The law generally requires that a Defendant defend a complaint for foreclosure by responding within twenty (20) calendar days. It is important that you protect your property rights by responding to, and defending the lawsuit. Failure to do so assumes that you "admit" the allegations of the complaint and will result in a default against you. If hiring an experienced litigation attorney is not your choice you can still protect yourself by responding (paragraph by paragraph) to the foreclosure.
File the written response with the court (within 20 calendar days) and send a copy to the bank's attorney.
As stated above the law requires that a Defendant defend a complaint for foreclosure by responding within twenty (20) calendar days. Many fail to respond under the presumption that the result is inevitable, or that a legal defense would be "too expensive". Another typical mistake is assume that telephonic communications are sufficient. It is not. The legal "response" to the court is technical in nature, generally called a pleading and must be in writing.
Confirm the "docketing" of your response.

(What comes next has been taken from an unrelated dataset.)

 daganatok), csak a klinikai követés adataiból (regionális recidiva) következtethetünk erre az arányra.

Failure to respond will result in a Default Final Judgment, without further notice and corresponding sale date, as soon as three (3) weeks later. If the response is properly filed, you as borrower, would achieve additional time within which to attempt to resolve your matter, and/or plan your next move. Therefore, you should confirm that your response made it to the court file. Most, if not all, Florida counties make the civil court "docket" available online. In other words you could check the status/activity of your case online. Make sure that your response is docketed, because otherwise you may be improperly defaulted.

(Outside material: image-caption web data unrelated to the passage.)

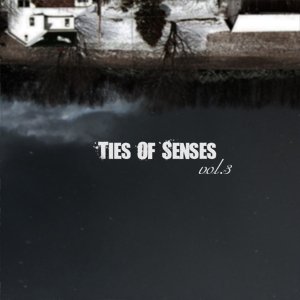 Ties Of Senses vol.3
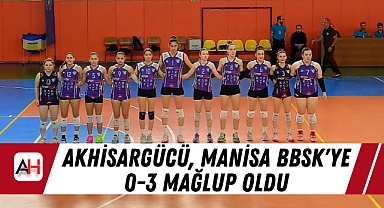 Akhisargücü, Manisa BBSK'YE 0-3 Mağlup Oldu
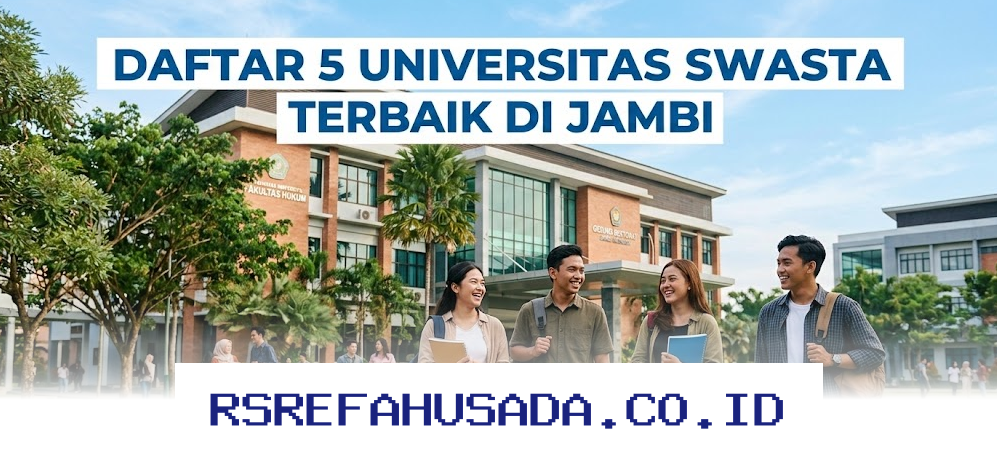 Universitas Swasta Terbaik di Jambi yang Wajib Kamu Ketahui!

With a defense you may protect your property for some time while you look for solutions. Many people are unaware of the fact that while you are defending your foreclosure lawsuit you preserve all of your of "ownership". In other words, as owner you can still reside at the property, rent it (and collect rents), or attempt resolution with the lender (such as short sales, modifications, etc.).
If you try a "short sale" interview various realtors
When choosing a realtor look at the current inventory of listings the agent represents and ask:
-How many of their properties are currently short sale properties?
-Does the agent have testimonial letters from short sale sellers?
-If an agent says they have sold a number of short sale properties, how many of the transactions were listings sold, not just where they had the buyer.
The next step is to price the house properly, according to the market. While many buyers would love to "steal" your property for the lowest price possible, remember that the lender is already going to incur a loss and they are not interested in losing more than they have to.
The last step is to be prepared for challenges in both the short sale process and in the market place. Remember, you have a lot of competition out there and getting a property sold can be tough, especially in a buyer's market. However, choosing the right agent and setting the right price can assist you in selling.
Follow up with the bank/periodically check the docket.
Many lenders have reported that in many cases where a homeowner is delinquent on his or her mortgage, they have been unable to reach the owner to discuss any options. Picking up the phone and placing a call is always in your best interest.
While you work on possible solutions you should periodically (every 7-10 days) check the court's docket for activity. Although you should receive copies of all activity if you respond, mistakes can happen and we've seen this plenty of times. We make it our practice to check for activity in order to avoid surprises.